--- RECORDED INFORMATION ---

++++

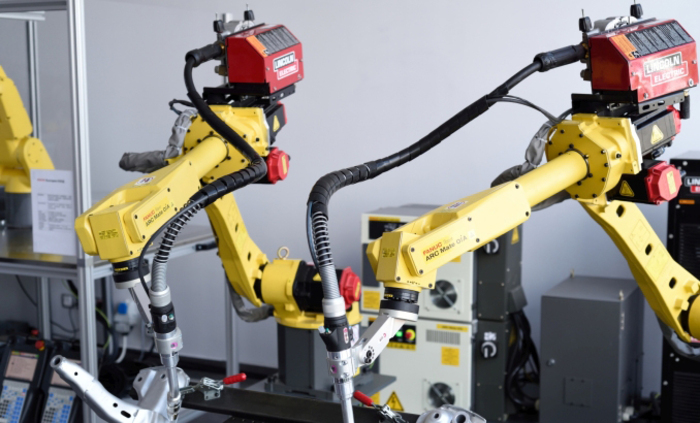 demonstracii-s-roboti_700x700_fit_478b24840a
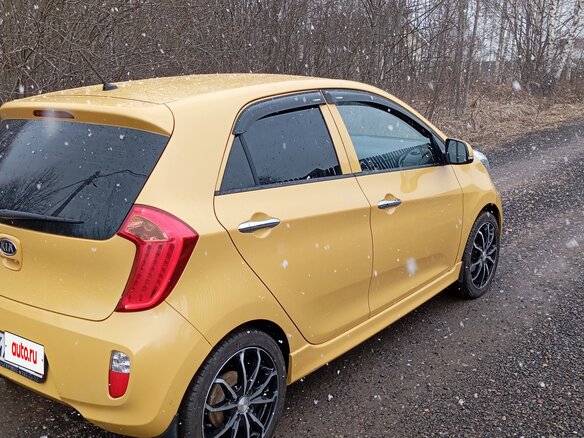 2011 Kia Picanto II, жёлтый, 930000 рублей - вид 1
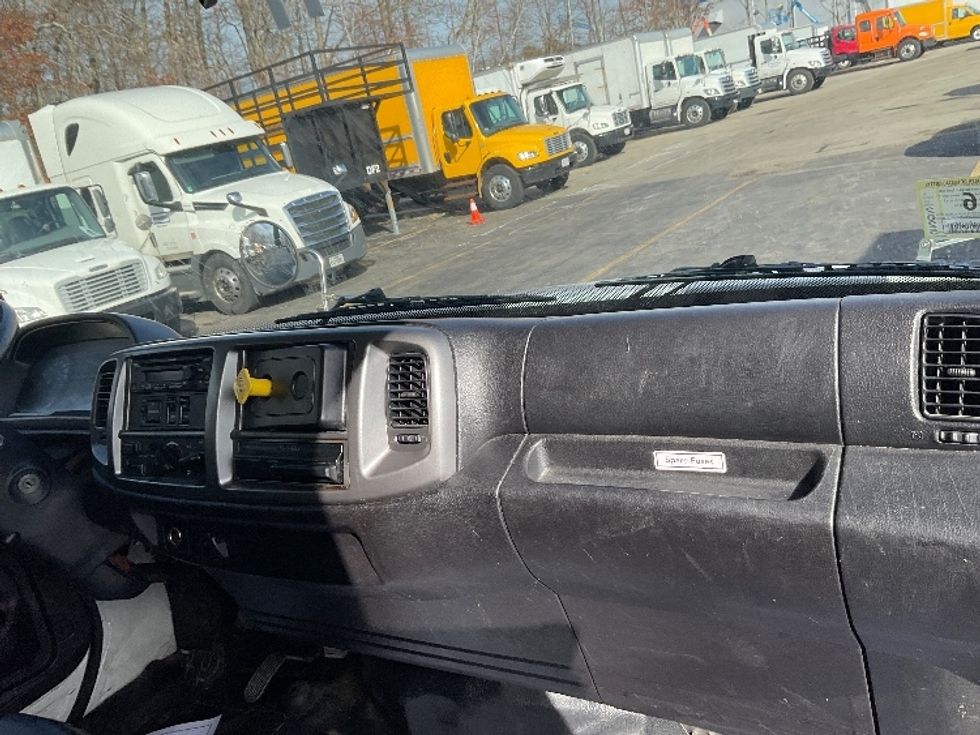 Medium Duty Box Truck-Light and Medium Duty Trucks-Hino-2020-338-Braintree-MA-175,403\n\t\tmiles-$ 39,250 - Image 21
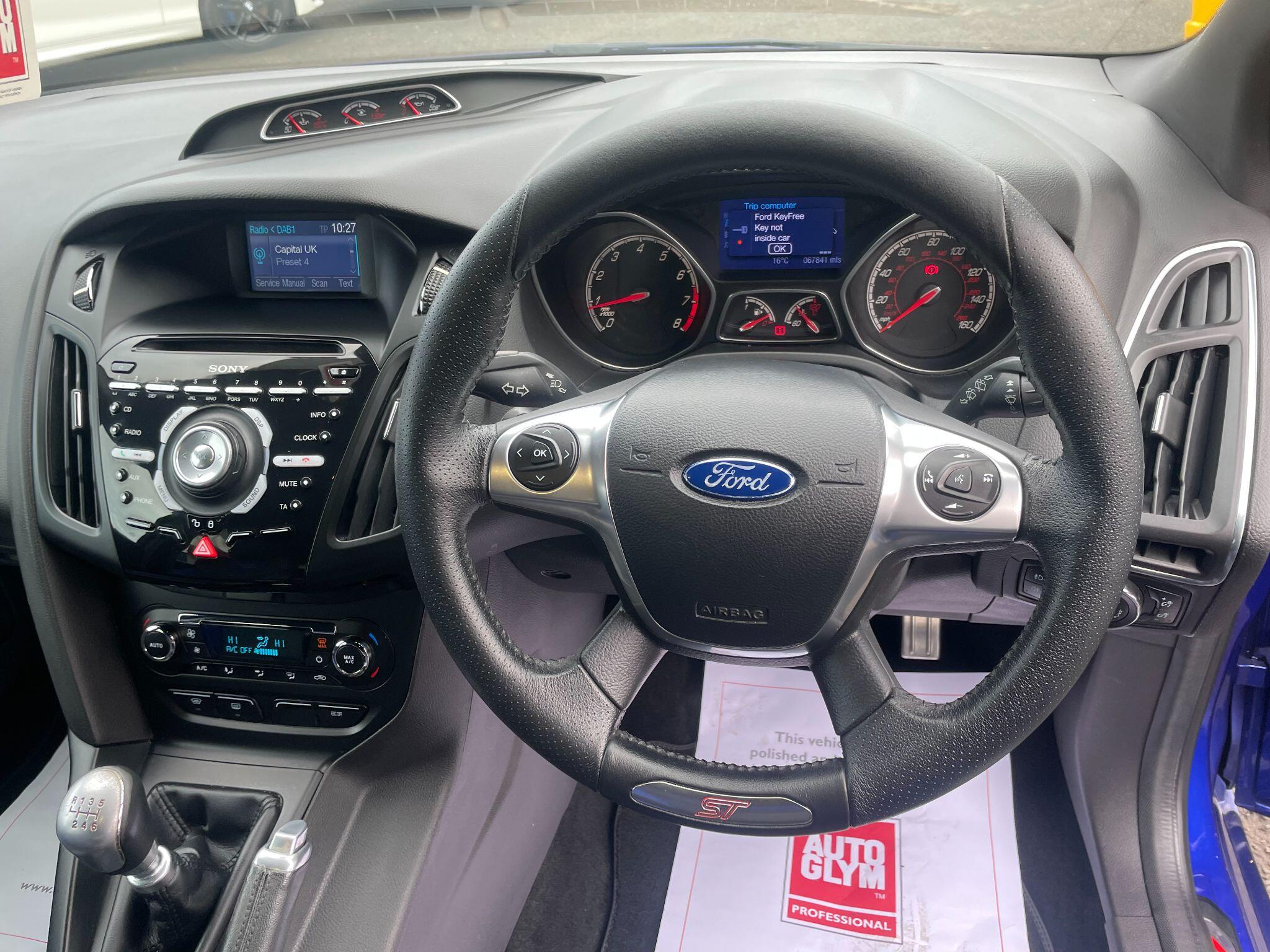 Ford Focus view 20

++++

--- WORK TASK ---
Retype precisely, and only, the lines from the one holding "Medium Duty Box" through the final line of the data above, with the pictures omitted.

--- FINISHED TASK ---
 Medium Duty Box Truck-Light and Medium Duty Trucks-Hino-2020-338-Braintree-MA-175,403\n\t\tmiles-$ 39,250 - Image 21
 Ford Focus view 20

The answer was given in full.